Neeley School of Business
- Type: Private School
- Established: 1884
- Parent institution: Texas Christian University
- Dean: Craig Crossland
- Location: Fort Worth, Texas, United States
- Website: neeley.tcu.edu

= Neeley School of Business =

Business school of Texas Christian University

The Neeley School of Business is the undergraduate and graduate business school at Texas Christian University (TCU), a private university located in Fort Worth, Texas. The Neeley School is fully accredited by the AACSB. The school provides a range of business education programs, including: BBA, Full-time MBA, Professional MBA, Accelerated MBA, Energy MBA, Health Care MBA, Executive MBA, Master of Science in Supply Chain Management, Master of Accounting, and MBA/Ed.D.

==History==
TCU was founded in 1873 by brothers Addison and Randolph Clark in Thorp Spring, Texas, as AddRan Male and Female College, and the School of Business opened in 1884 as Commercial School, renamed School of Business in 1896, and College of Business in 1901. The Department of Business Administration was established in 1922, and became the School of Business in 1938, the first year to offer a master of business administration. Student organizations included the TCU Chamber of Commerce, begun in 1939, and the Collegiate Business and Professional Women's Club. E. M. Sowell was appointed the first dean in 1944. In 1967, the School of Business was named for M.J. Neeley in honor of his personal service of 25 years on the TCU Board of Trustees and financial contributions to TCU. Applications have risen steadily in recent years. The Neeley School of Business currently makes up one-third of the TCU student population.

==Campus==
TCU is located in the Dallas-Fort Worth Metroplex, the "Fourth Best Metropolitan Area for Business," according to Forbes magazine. Metroplex corporations participate in Neeley School mentorships, internships, special projects, and hiring. The Metroplex is home to DFW International Airport. The Neeley School has active international connections and study abroad programs.

==Student initiatives==
- Neeley & Associates Consulting - MBA students work on paid projects for national and international businesses, providing hands-on experience for students and quality consultation for the business organizations.
- Neeley Fellows – Undergraduate honors program
- BNSF Neeley Leadership Program – Undergraduate leadership program
- Student Organizations – American Marketing Association, Association for Information Systems, Beta Alpha Psi, Beta Gamma Sigma, Collegiate Entrepreneurs Club (CEO), Delta Sigma Pi, Financial Management Association, Neeley Associates, Society for Human Resource Management, and Students in Free Enterprise
- Neeley Premium Credentials - A personalized professional development program.

==Centers of Study==
- Sales and Customer Insights Center

- Tandy Center for Executive Leadership
 The Tandy Center for Executive Leadership was founded by the Anne Burnett and Charles D. Tandy Foundation to strengthen American business. The center provides leadership training for major corporations and individuals through executive education, executive coaching, certification classes and a speaker series featuring prominent CEOs.

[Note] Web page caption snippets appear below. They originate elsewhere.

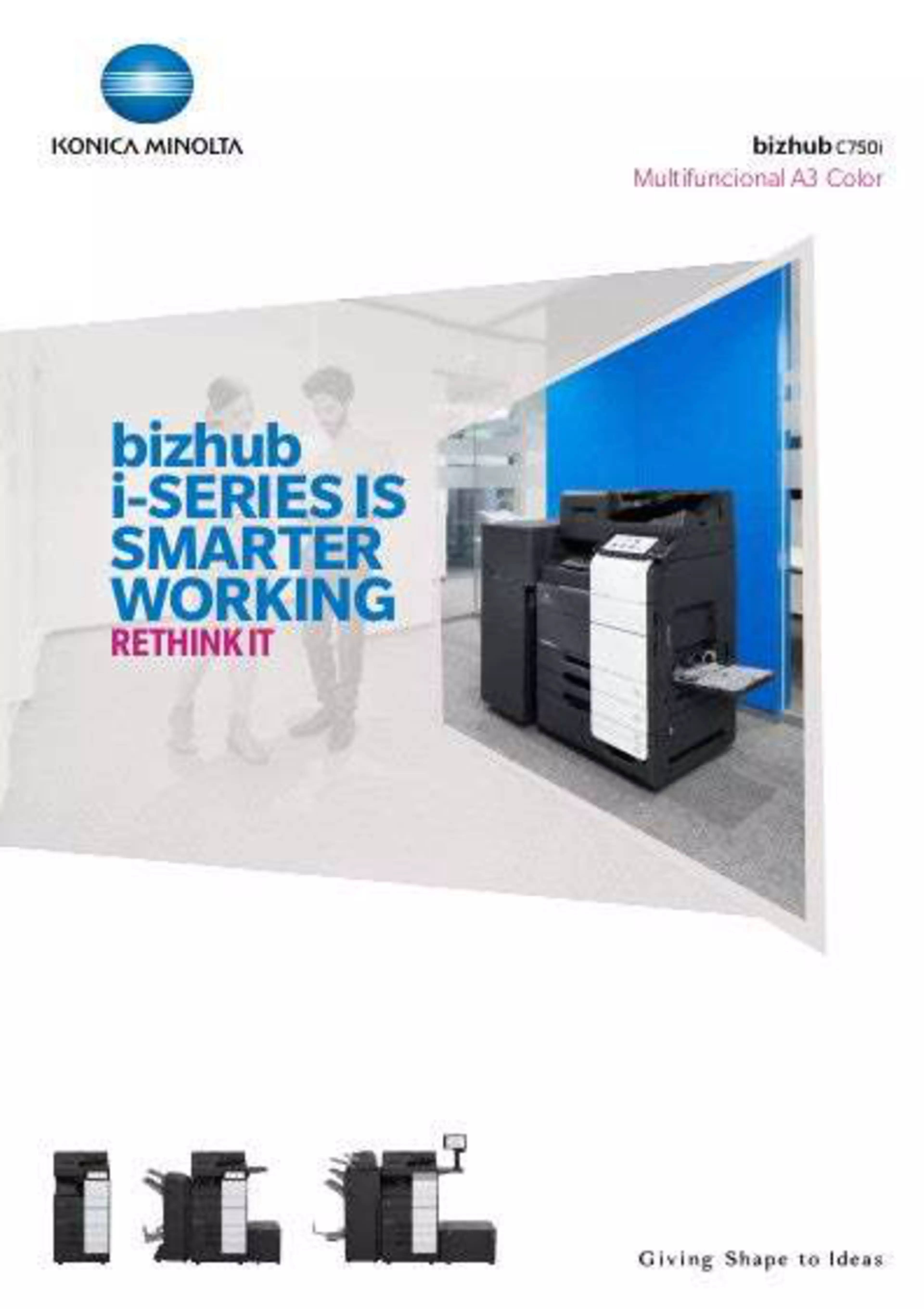 Bizhub C750i datasheet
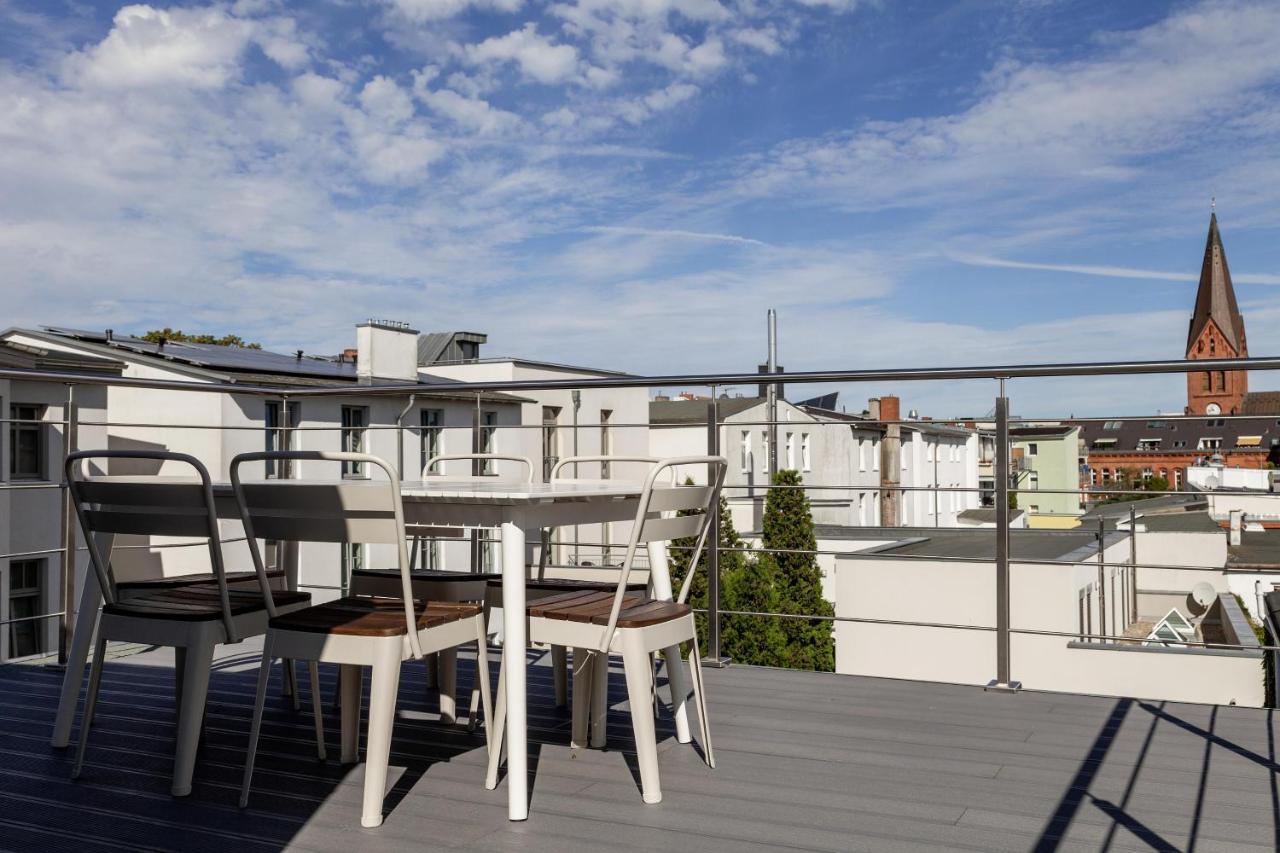 Lighthouse Appartements Rostock Exterior photo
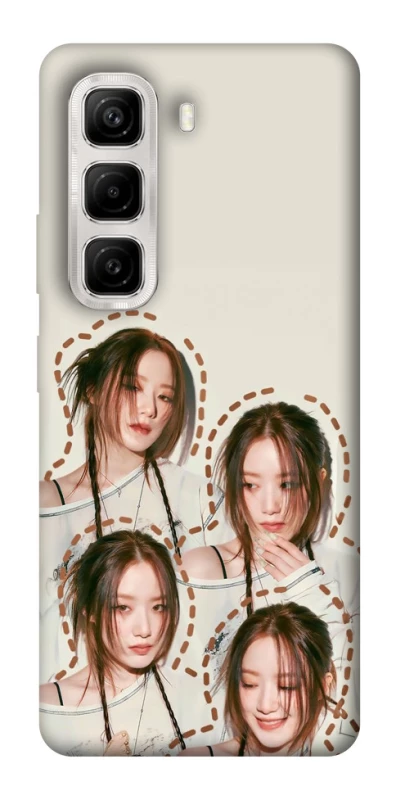 Чохол на Infinix Hot 50 4G Shuhua - (G)I-DLE фото 1 з 1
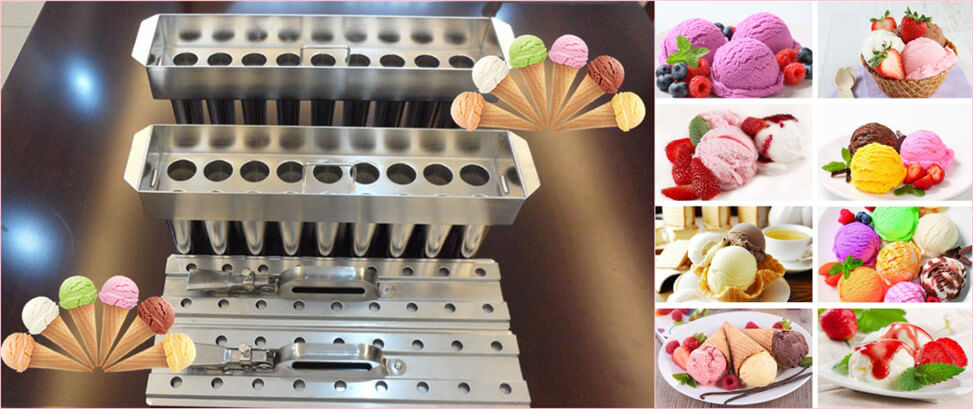 best ice cream mold for forming ideal ice cream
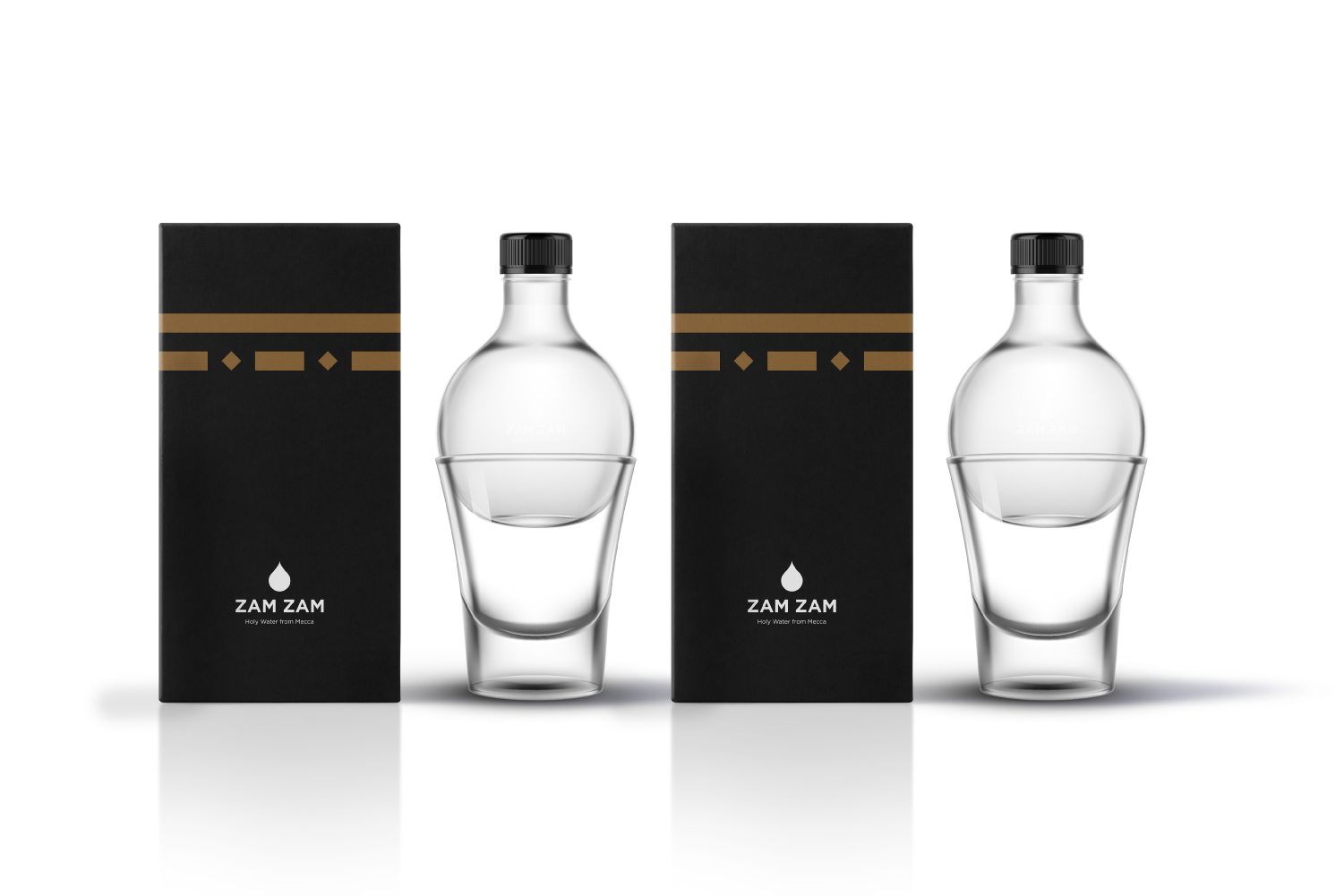 Zam Zam Holy Water Packaging Of The World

- Neeley Institute for Entrepreneurship and Innovation
 Special programs include the TCU Texas Youth Entrepreneur of the Year, Family Business Seminar, Global Student Entrepreneur of the Year, Small Business of the Year and Entrepreneurial Expo. The TCU Collegiate Entrepreneur (TCU CEO) organization is the largest in the U.S.

- Center for Supply Chain Innovation
The center hosts the annual Global Supply Chain Conference.

- LKCM Center for Financial Studies
 The LKCM Center for Financial Studies is named in honor of Luther King Capital Management, an investment advisory firm. The center sponsors the TCU High School Investor Challenge and the Investment Strategies Conference.